Entenda como vai funcionar o plantio de cannabis para pesquisas no Brasil

Em caráter inédito, a Universidade Federal de Viçosa (UFV), em Minas Gerais, e a Universidade Federal Rural do Rio de Janeiro (UFRRJ) receberam aval da justiça para plantar maconha a fim de nutrir suas pesquisas científicas. Originários dos departamentos de agronomia, ambos projetos enlaçam as mãos a organizações que, há anos, fazem malabarismos para dar seguimento aos estudos sobre a planta, e figuram uma extensa lista de instituições brasileiras que prepararam o solo para esta conquista tão grande que é a liberação para as universidades cultivarem maconha.

De pioneirismo, nós, brasileiros, tiramos de letra. Por décadas, a USP (Universidade de São Paulo), através da Faculdade de Medicina de Ribeirão Preto, investigou possíveis aplicações farmacêuticas para compostos derivados da Cannabis sativa.

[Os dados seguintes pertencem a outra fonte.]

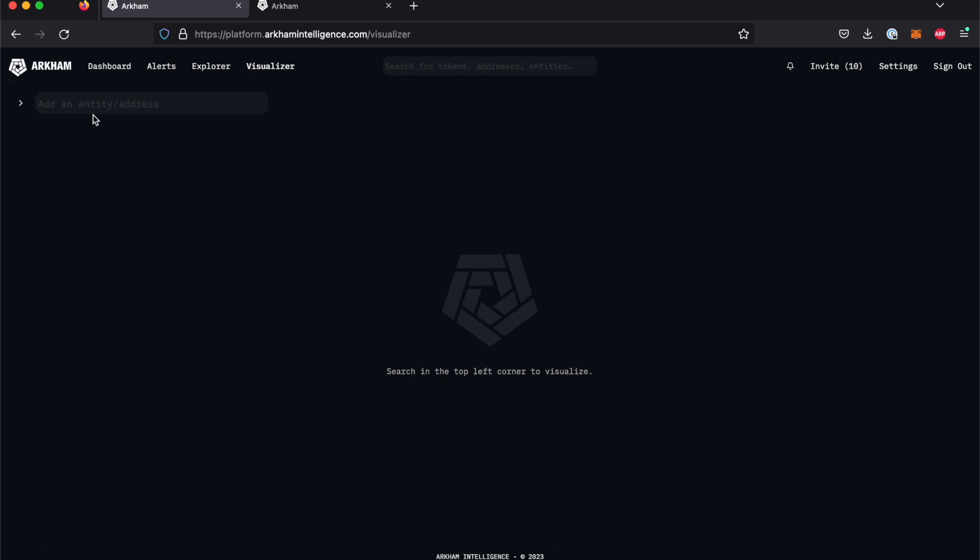For this example, we will be looking at BlockFi's wallets. Let's search for BlockFi and select the entity.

Portanto, foi o primeiro laboratório no mundo a demonstrar os efeitos calmantes e antipsicóticos do canabidiol (CBD). Veio de lá, também, o primeiro extrato de CBD desenvolvido no Brasil, presente em farmácias de todo o país.

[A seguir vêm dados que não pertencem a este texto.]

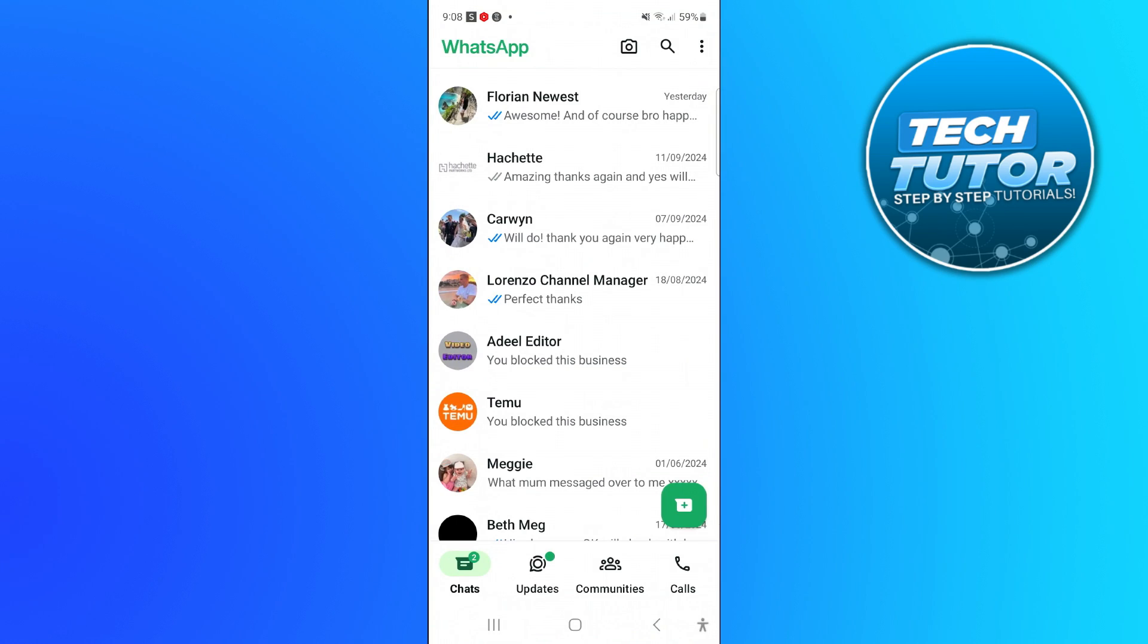Here we are currently on WhatsApp. As you can see, I've got mine on light mode. If you want to change to dark mode, which is really useful if you do use WhatsApp a lot, it's just easier on the eyes.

Por suas vezes, outros centros acadêmicos ousaram ao instituir, de maneira inédita, disciplinas fixas em suas grades curriculares. Foram os casos da Universidade Federal da Paraíba (UFPB), para os cursos de medicina, biomedicina e farmácia, e da Universidade Federal de Santa Catarina (UFSC), onde se aprende a endocanabiologia no campo da medicina veterinária.

Aqui, conheceremos mais a fundo as propostas canábicas das federais de Viçosa, da Rural do Rio de Janeiro e da Paraíba e como funciona essa autorização da justiça para o plantio de cannabis nas universidades:

Universidade Federal de Viçosa volta o olhar para a indústria da maconha (e da cerveja)

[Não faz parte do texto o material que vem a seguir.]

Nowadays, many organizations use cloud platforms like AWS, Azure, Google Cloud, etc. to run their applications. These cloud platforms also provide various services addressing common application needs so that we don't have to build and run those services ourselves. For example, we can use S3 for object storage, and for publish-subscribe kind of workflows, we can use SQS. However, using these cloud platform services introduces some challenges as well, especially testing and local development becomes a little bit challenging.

Em semelhança à UFRRJ, a centenária UFV ostenta o curso de agronomia entre os mais reconhecidos e antigos do país. A parceria selada com a startup ADWA Cannabis conceberá o primeiro trabalho no Brasil de melhoramento genético da maconha. O contrato de parceria entre a universidade e a startup foi publicado no Diário Oficial da União (DOU).

Inicialmente, está previsto o cruzamento de quatro strains vindas da Colômbia. A matéria-prima vegetal será fornecida pela colombiana CANNADROP. A equação resultará em variedades brasileiras, aptas ao uso medicinal e industrial, e adaptadas aos climas regionais, a partir de um olhar lançado sobre a ancestralidade da planta milenar.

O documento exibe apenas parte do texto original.